Dalla Teoria alla Pratica: Le Applicazioni di MEC-2
Le prestazioni impressionanti di O-LZU-190@CNT ci hanno spinto a valutarne il potenziale industriale. L’abbiamo testato in un elettrolizzatore a membrana a scambio anionico (AEM), dove ha permesso di raggiungere una densità di corrente di 1.0 A·cm⁻² a 1.95 V, superando di gran lunga un sistema commerciale basato su IrO₂.
Non solo! L’abbiamo impiegato anche come catalizzatore per l’OER in batterie zinco-aria ricaricabili. Il risultato? Batterie con potenziale a circuito aperto più elevato, potenziali di carica e scarica ridotti, maggiore densità di potenza ed energia, e una stabilità ciclica notevole per 160 ore. Siamo persino riusciti ad alimentare un pannello LED e delle lampade colorate con due di queste batterie in serie!
Un Passo Avanti per l’Energia Sostenibile
Cosa significa tutto questo? Beh, per me è una dimostrazione lampante che la chimica organica ha ancora tantissimo da offrire nel campo dell’energia. Con questa strategia di post-ossidazione, non solo abbiamo fornito la prima prova dell’esistenza del meccanismo OPM in elettrocatalizzatori completamente organici durante l’OER, ma abbiamo anche aperto nuove, stimolanti prospettive per la progettazione di catalizzatori organici ad alte prestazioni.

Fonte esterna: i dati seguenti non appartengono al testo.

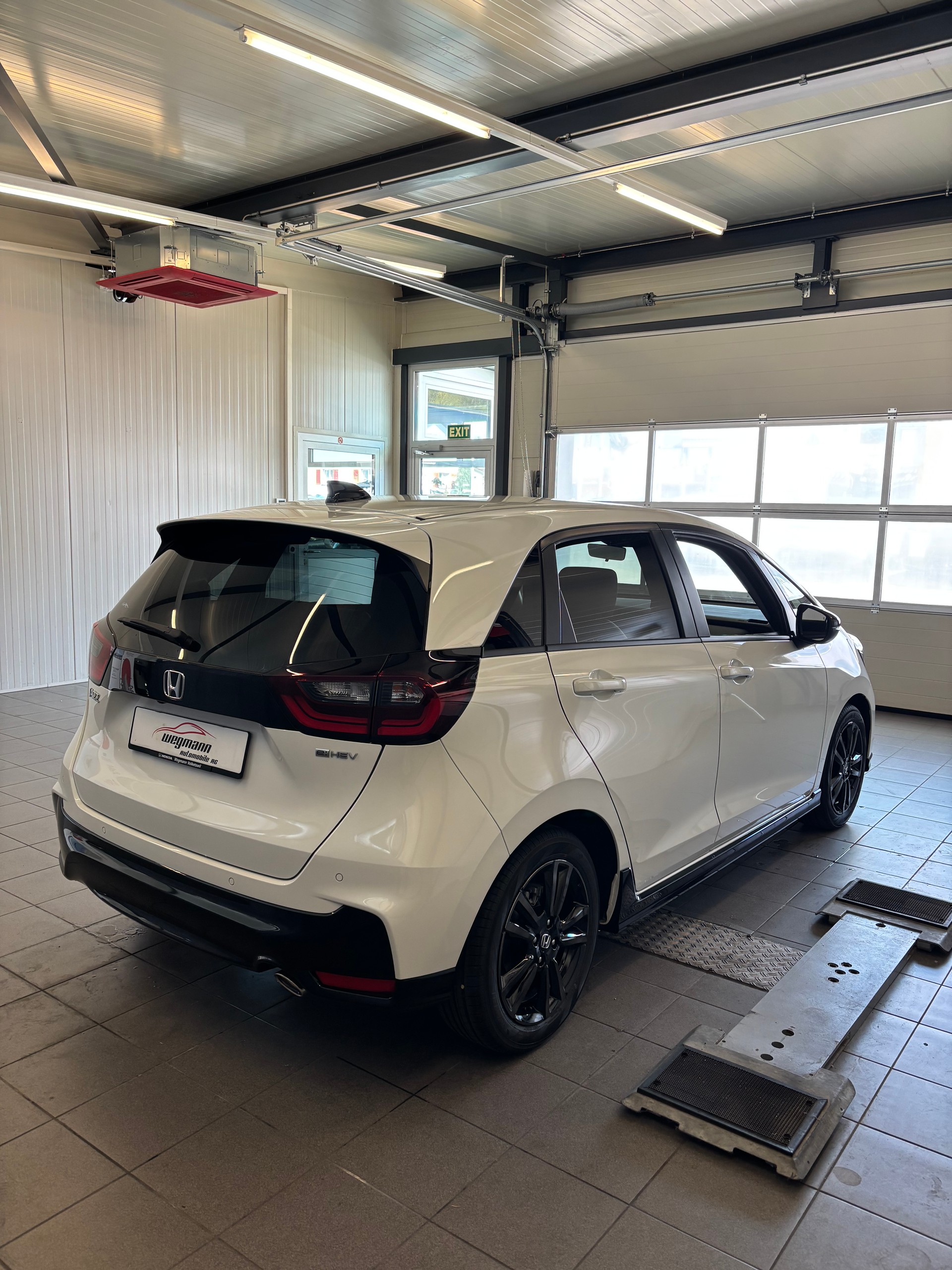 HONDA Jazz 1.5i-MMD Advance Sport E-CVT-image-3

Siamo riusciti, in una certa misura, a colmare il divario tra gli elettrocatalizzatori organici e quelli a base metallica, offrendo una strada più sostenibile ed economica per tecnologie energetiche cruciali. Il cammino è ancora lungo, ma ogni scoperta come questa ci avvicina a un futuro in cui l’energia pulita non sia solo un sogno, ma una realtà quotidiana. E io non vedo l’ora di vedere cosa ci riserverà il prossimo esperimento!